Are you with the notified body that you trust to have your back for certification of your devices under the MDR? Remember – no grandfathering – all devices on the EU market have to be recertified. Will the notified body be able to issue CE certificates under the MDR in time? It will be your problem if they are not and this may lead to significant business disruptions in the EU market. These are questions you should have answered last year already.

General Data Protection Regulation

2018 is the year in which the transition period of the GDPR ends (end of May) and all manufacturers must have implemented the new rules in the design of their devices, systems and software. This means among other things that risk management under the MDR and IVDR must be tied into cybersecurity measures under the GDPR. Medical devices IT design will have to cooperate with privacy compliance from the start of development of medical devices and related infrastructure. In a time of Meltdown and Spectre vulnerabilities going to the very core of your off the shelf components, how do you control your suppliers on these points? With cybersecurity more and more relevant, suppliers of off the shelf IT components may become crucial suppliers.
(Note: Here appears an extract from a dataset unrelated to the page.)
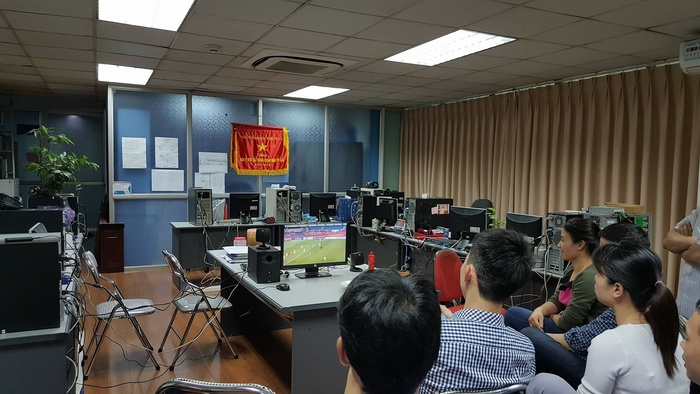 Sáng đầu tuần, dân công sở “không làm việc nổi” vì dư âm chào đón U23 Việt Nam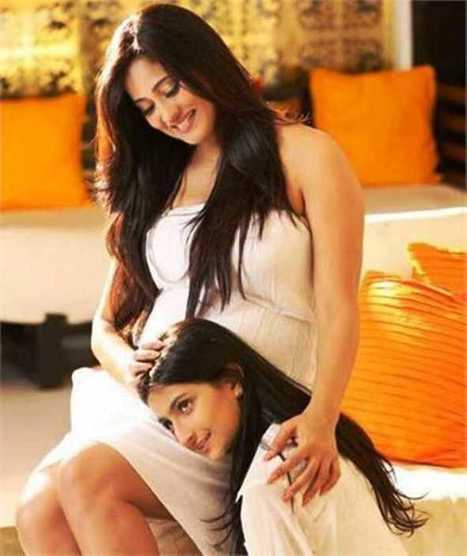 Bhoomika Xxx Garo - baby shower, Mom-to-be Shweta Tiwari, Palak Tiwari' in news | Scoop.it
You do not want to be the first medical devices company with a major data breach when the GDPR is applicable. And you should preferably not manage it like Uber did. The GDPR will really change a lot for medical devices companies.

Are you selling a medical devices company in 2018?

If you are selling a medical devices company in 2018 you should realize that the MDR and GDPR are your problem, even if you sell the company now.

The first thing that a buyer will look at in due diligence as gating items for EU compliance are a realistic MDR transition plan and readiness for the GDPR by May this year.

Prepare to have the sale price be discounted significantly or large parts of it deferred on the condition of MDR certification or GDPR readiness if your company has neither because in that case the regulatory risks are more than considerable.

It will be interesting

My prediction for 2018 is that we will start to see the first signs of companies realizing that they haven’t started in time and/or are not going to be ready in time, either because of their own planning or dependencies related e.g. to their notified body that will not be ready in time itself to process all the applications for conformity assessment under the MDR. It will be the year of early plan Bs and all the moving and shaking concerned with that.

The IVDR is still two years out, but IVD companies should be working on their (clinical) performance data like it’s 1999 because they risk running into the same issues, and they have the additional complexity that the notified body bottle neck will be even worse for the IVDR.

Also, 2018 will have the first big medical devices company data protection issue under the GDPR. Better make sure it’s not you.